Тем не менее я оделся, как обычно одеваюсь в школу, даже прихватил с собой рюкзак, и вышел за дверь. Определенного плана у меня не было, но ноги сами повели меня по направлению к шахте. В сам шахтный двор я заходить не стал, а пошел вдоль забора к тем двум зданиям на краю парка, о которых вчера рассказывала тетя. Я в принципе знал эти места, но не любил там бывать. Мы с ребятами в детстве нередко слышали страшилки про эти дома, и хоть не слишком в них верили, но старались сюда заглядывать как можно реже – уж очень мрачными были здания, что, наверное, и стало поводом для страшилок. Это были старые двухэтажные сооружения из потемневшего от времени грубо отесанного песчаника. Одно из них имело признаки жизни – к двери была протоптана дорожка в снегу, на окнах висели шторки, и, судя по убогой табличке над дверью, здесь располагались местные детские кружки. На втором здании красовалась новенькая вывеска, что оно является вечерней школой, но окна нижнего этажа были заколочены.

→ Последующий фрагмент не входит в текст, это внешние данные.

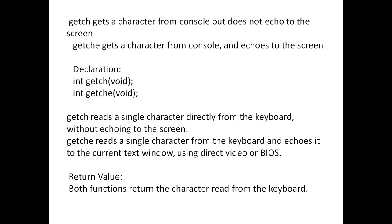Get ch e enters the screen echo and displays the key. It displays using the get ch function and it echoes on the screen.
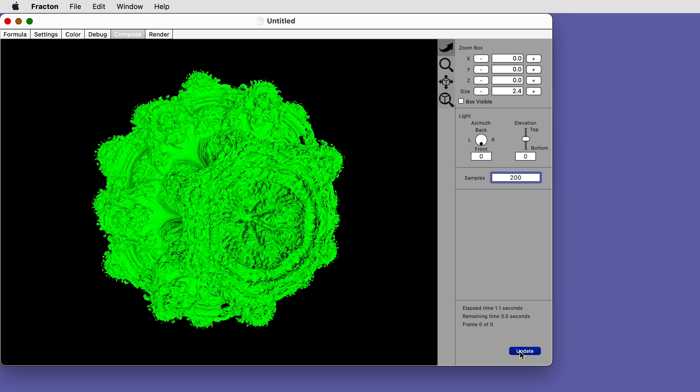Now that the scene is composed, go to the render view to make the high quality rendered image.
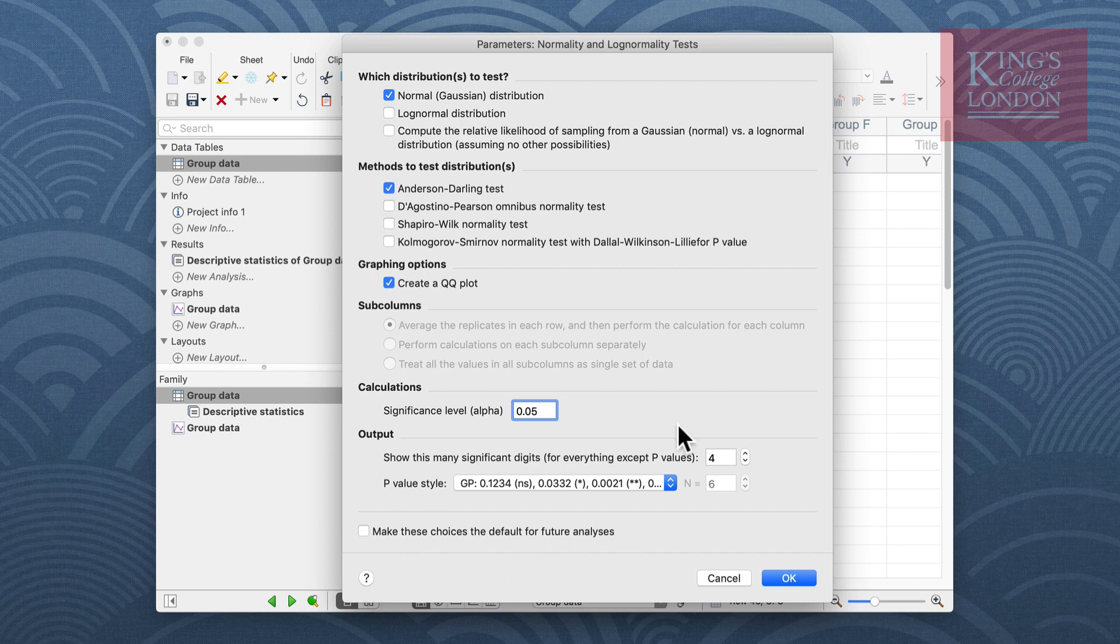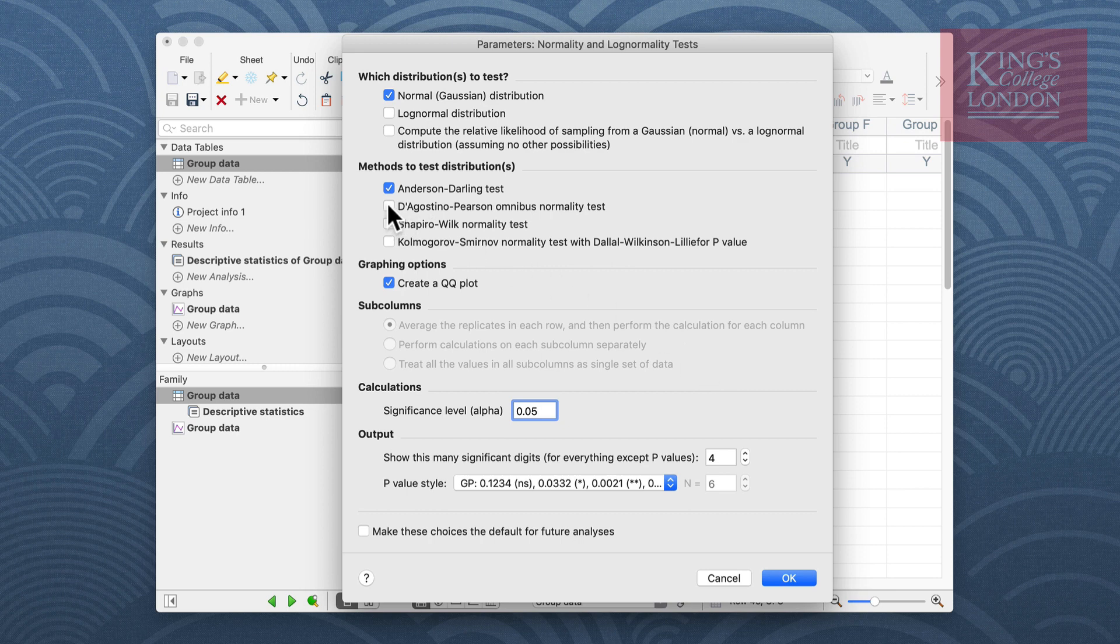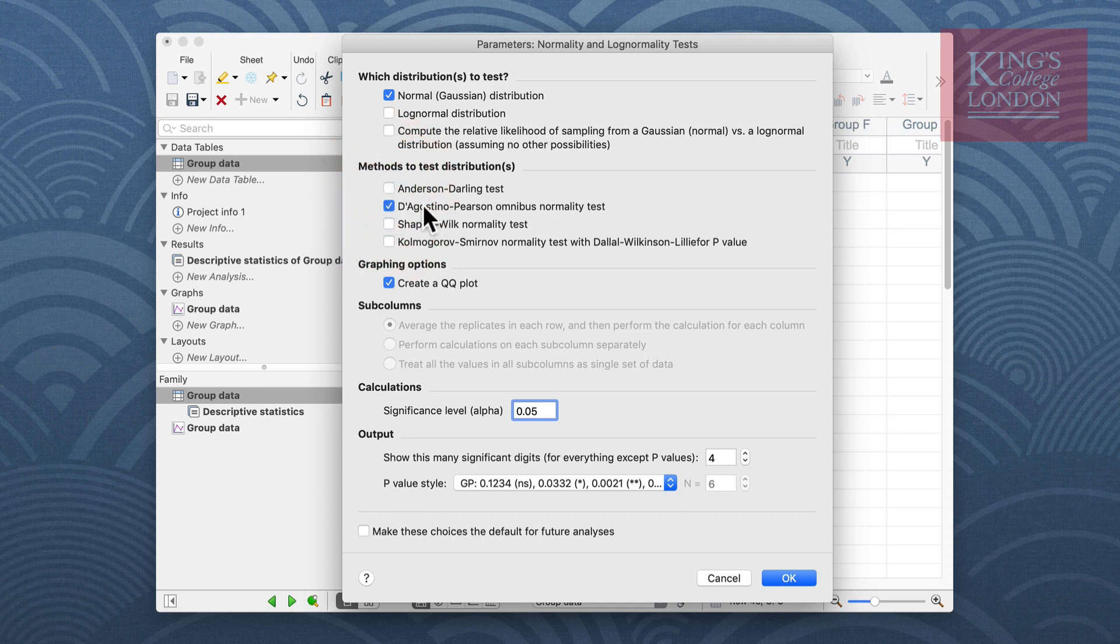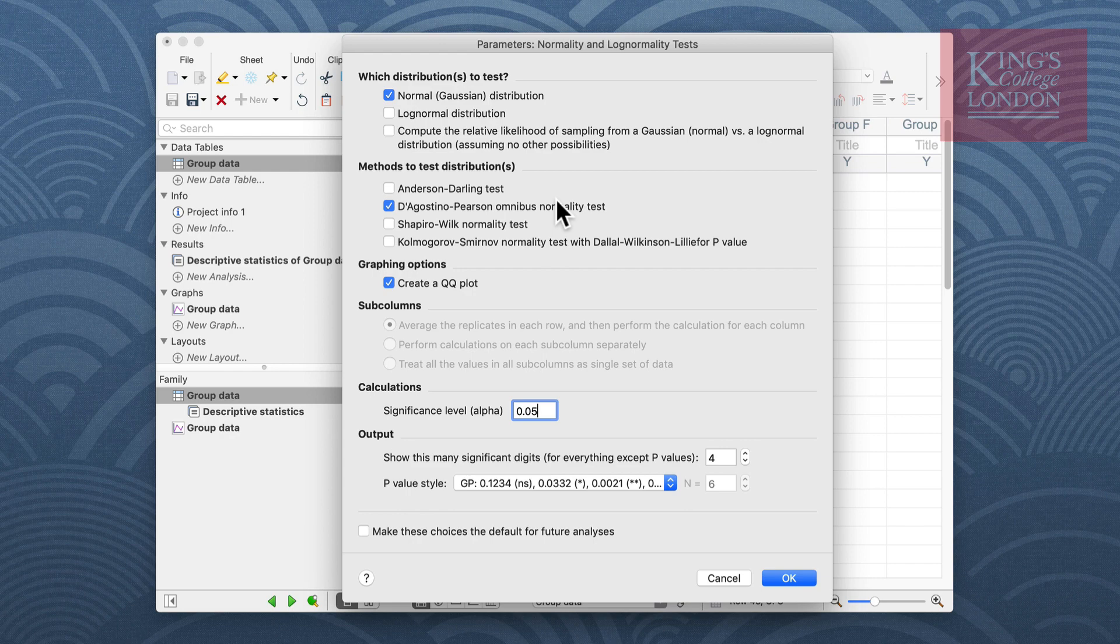However, I want to do a normal distribution test using the standard D'Agostino-Pearson normality test, so I select this one from our list and I continue with the tests by pressing the OK button.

Немного дальше парк заканчивался, и начинался соседний поселок. Там сновали люди и кипела жизнь. Но место, где я сейчас стоял, было таким унылым, что даже яркое солнышко не очень-то его оживляло. Так, а что это такое белеет между домами?
И как я сразу не заметил! В промежутке между зданиями стоял высокий и красивый памятник: фигуры двух солдат в длинных шинелях и касках застыли в скорбном молчании, один из них держал в руках опущенное знамя. На гранитной плите у их ног было написано, что здесь покоятся останки пяти сотен советских солдат, замученных в лагере для военнопленных, располагавшемся в двух соседних зданиях. Так вот, значит, что было обнесено забором с колючей проволокой! Но почему сказано – в двух, а как же шахтная контора? Стоп, да ведь она отгорожена кирпичным забором, таким же старым, как и она сама. Все три здания просто не могли огородить вместе! Нестыковка какая-то получается. Может быть, тетя ошиблась?
Тогда я дошел до этого забора и внимательно осмотрел его. Старая штукатурка с остатками побелки частично обвалилась, обнажив кирпичи, и я вдруг увидел в этих прорехах, что посередине забора имеется небольшой участок, заложенный кирпичом другого цвета. Значит, здесь были ворота! Это уже становилось интересным.